At least LHC@home is using this pattern for VM names (example): boinc_d0488831bc598c0b
Recent logs show that deregistering/removal works fine with vboxwrapper 26206 used there:
2023-12-05 10:28:50 (42792): Powering off VM.
2023-12-05 10:28:51 (42792): Successfully stopped VM.
2023-12-05 10:28:51 (42792): Deregistering VM. (boinc_d0488831bc598c0b, slot#33)
2023-12-05 10:28:51 (42792): Removing network bandwidth throttle group from VM.
2023-12-05 10:28:51 (42792): Removing VM from VirtualBox.
10:28:57 (42792): called boinc_finish(0)
Using a vboxwrapper instance to remove a VM not under it's own control may cause trouble:
As long as those instances run under the same user account their vboxmanage requests are queued by VirtualBox and finally written to/removed from the same VirtualBox.xml file.

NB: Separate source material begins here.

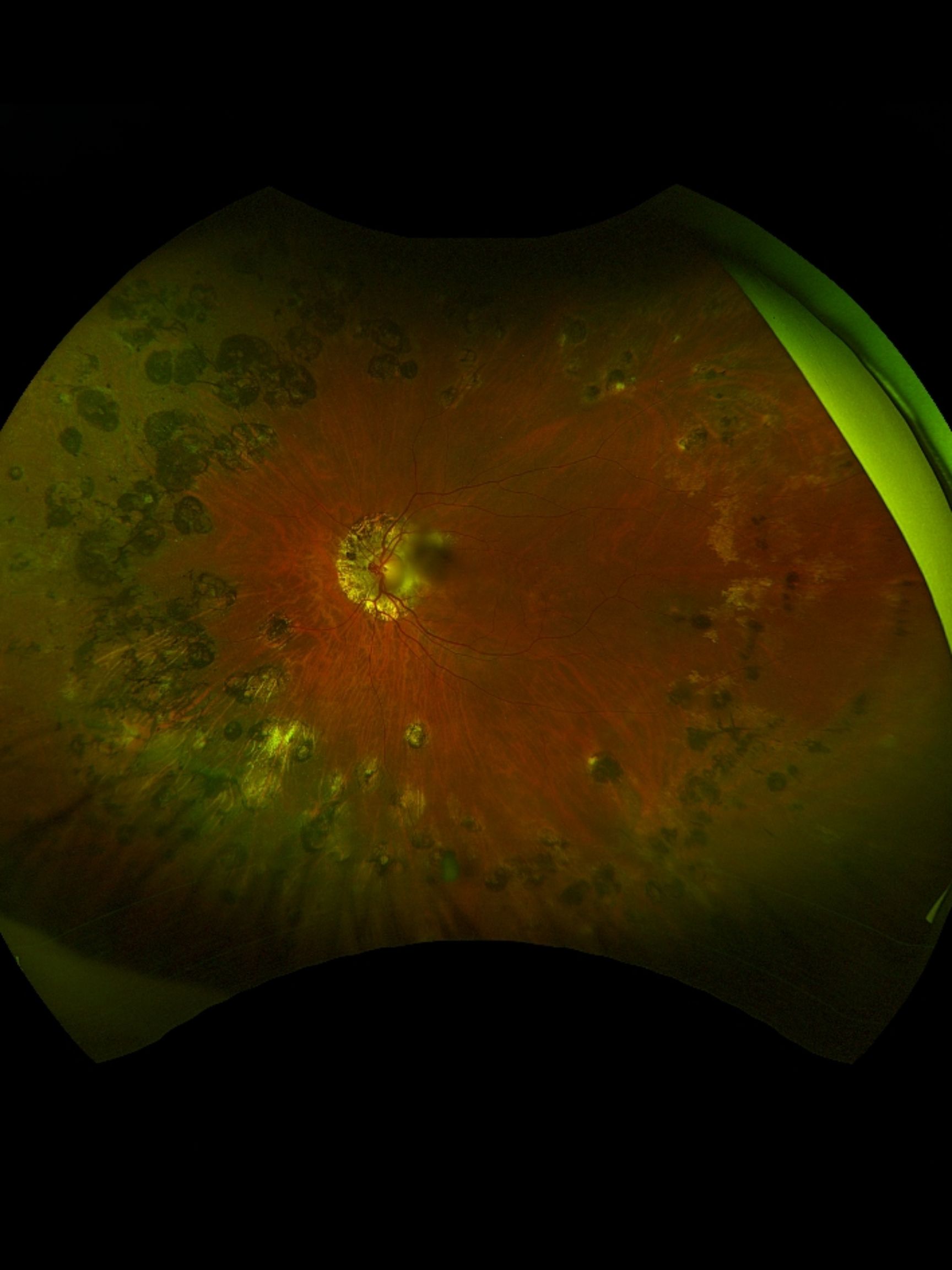 Case Study: Unilateral Macular PED With Edema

I believe, we still need some kind of clean-up that will check next:
Because there always can happen some situations when vboxwrapper might fail deregistering/removal of the VM, and it will stuck in the VBoxManager forever
As for (1.)
A typical VM entry in VirtualBox.xml looks like this.
VirtualBox provides no information as to when it has been created:
<MachineEntry uuid="{e663f635-e077-4dea-be4a-287b325fc0dd}" src="/home/boinc3/BOINC_LHCVB/slots/1/boinc_a2df64699a65780d/boinc_a2df64699a65780d.vbox"/>
As for (2.) There's already a watchdog implemented in vboxwrapper which ensures a stuck VM can be identified and shut down. It's up to the entire project people to use it or not to use it. Nonetheless, there can be situations (mostly after a crash) where the relationship between a registered VM and BOINC/vboxwrapper can't be restored. This leaves orphans. In general I'm not aware of a method implemented in BOINC/vboxwrapper to reliably decide (from outside) whether a VM got stuck or intentionally waits for something to happen.

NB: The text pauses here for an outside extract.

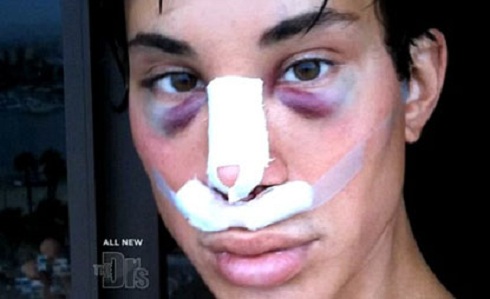 Justin Jedlica plastic surgeries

As for (3.) Most promising point. Assuming the BOINC client keeps track of the slot numbers and tells a fresh vboxwrapper to use slot n. Then this vboxwrapper should be authorized to clean up slot n (if not empty) and remove any VirtualBox object related to it. Needs to be ensured this doesn't have unwanted side effects, e.g on running VMs.
I think, this should be a functionality of the BOINC client, and completely decoupled from the vboxwrapper, because if might happen that there were no VBox tasks for quite a long time, and we need to clean up some orphan VMs. There is currently a mechanism in BOINC client that do some cleaning from time to time, so it should be extended at some point.

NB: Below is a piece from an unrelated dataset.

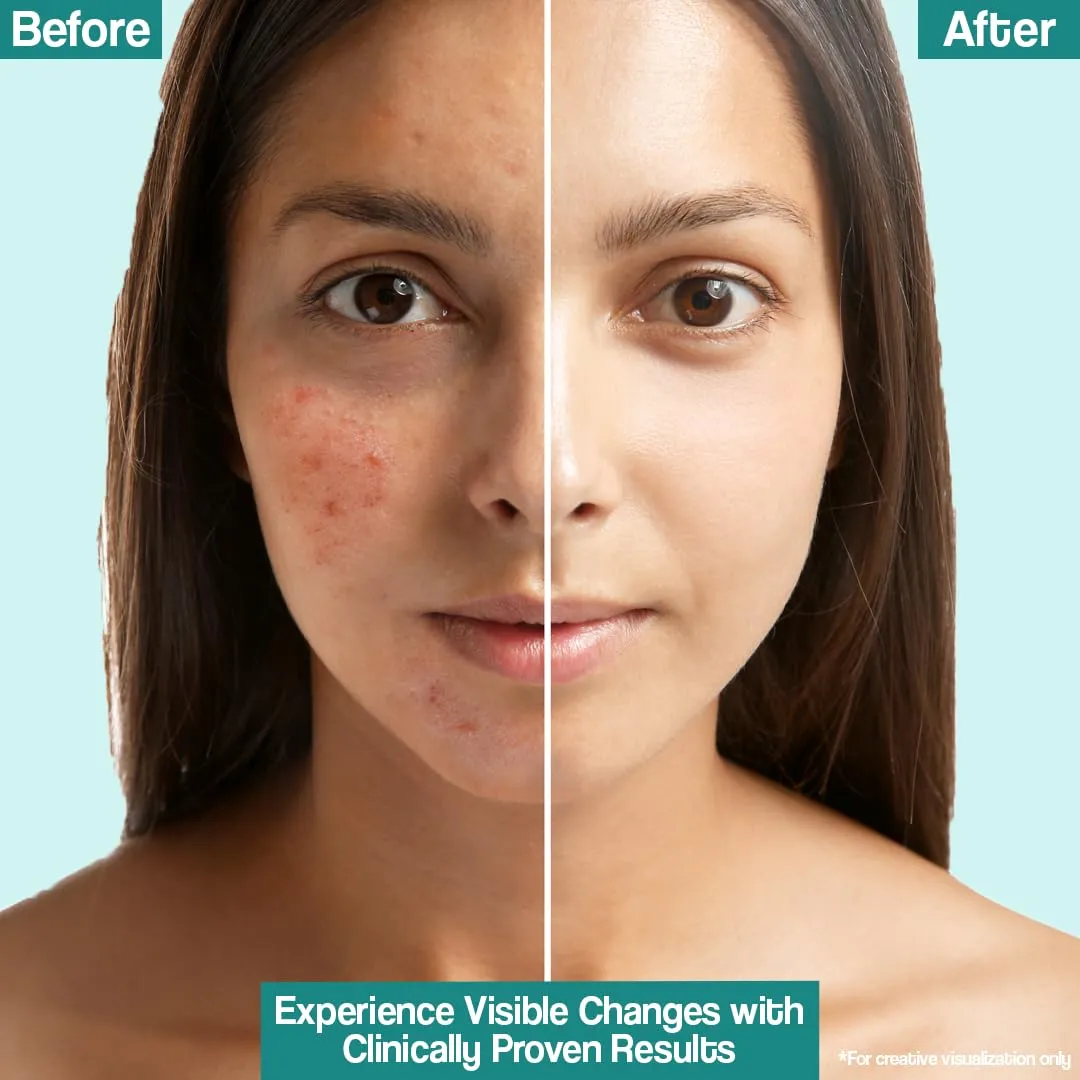 Venusia Acne Lotion 75gm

Assuming the BOINC client keeps track of the slot numbers and tells a fresh vboxwrapper to use slot n.
I does
I agree that VM cleanup should be done by the client. How exactly should it do it?
Also, has anyone besides me seen this issue? If so, what project do the orphan VMs belong to?
VM names like "boinc_4e84e6a8a719072c" are used at least by LHC@home and cosmology@home. Hence, it can't be said which project left the orphans nor when.
As long as the orphan machine entries are only in VirtualBox.xml they may confuse a user looking through VirtualBox Manager but in fact they do not affect fresh BOINC work. In most cases they are remains after a crash, typically due to a power outage. They can safely be removed manually using the VirtualBox Manager or scripted via VboxManage. In the latter case it must be ensured the entry doesn't belong to a VM that is just about to be created.
Complaints about that have been posted in the past but not recently in the forums from LHC@home.
Users can remove these entries manually. But it would be good if BOINC did it automatically.
I see it too, I just go in an clean them up by hand or manually use vboxmanage to clean them up.
I think it was worse in the past than now but just a feeling, to support computezrmle comment
I hypothesis is it could be on a reboot of th computer, I run a shell script on linux/win to wait for all the VMs to close down before rebooting since the OS is not paitent enough to wait ~2 min for the VMs to close down.
You could compare the entries in VirtualBox.xml to the BOINC know list and remove the excess?
(Win) when I open VirtualBox Manager, there are dozens of entries in the VM list with names like boinc_091b568ebb08451b, pointing to nonexistent slot directories. These shouldn't be there; should be cleaned up by vboxwrapper.